Tragedi SKTM

Kedaulatan Rakyat, Opini Jumat 13 Juli 2018

Mengapa wali murid mampu menggunakan SKTM Aspal untuk mendaftarkan sekolah anaknya? Apakah nilai-nilai kejujuran telah hilang? Tulisan ini akan membahasnya dalam kacamata Tragedi Bersama, “Tragedi of the commons”, teori klasik Garrett Hardin (1968).

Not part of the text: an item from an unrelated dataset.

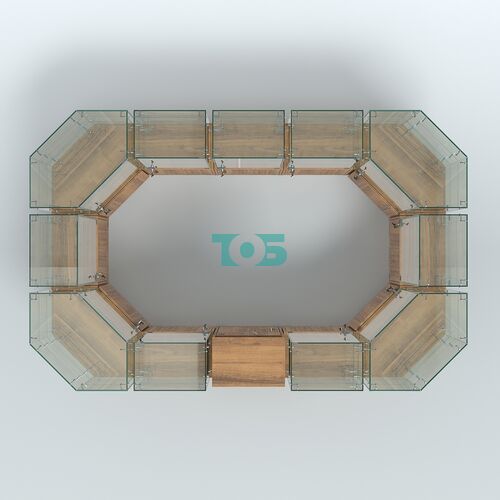 Стеклянный островок-павильон серии КОЛЬЦО прямоугольный №6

Teori Hardin mengandalkan dua hal: semua orang akan berfikir rasional untuk memaksimalkan keuntungan pribadi dan kedua, tidak ada aturan yang membatasi tindakan rasional tersebut. Jika setiap orang boleh memasang keramba sebanyak-banyaknya di Waduk Sermo misalnya, peternak akan berusaha menambah keramba untuk keuntungan pribadi. Akibatnya terjadi tragedi bersama yaitu pendangkalan, menurunnya kualitas air dls. Keuntungan pribadi dibayar dengan kurugian bersama sebagai komunitas.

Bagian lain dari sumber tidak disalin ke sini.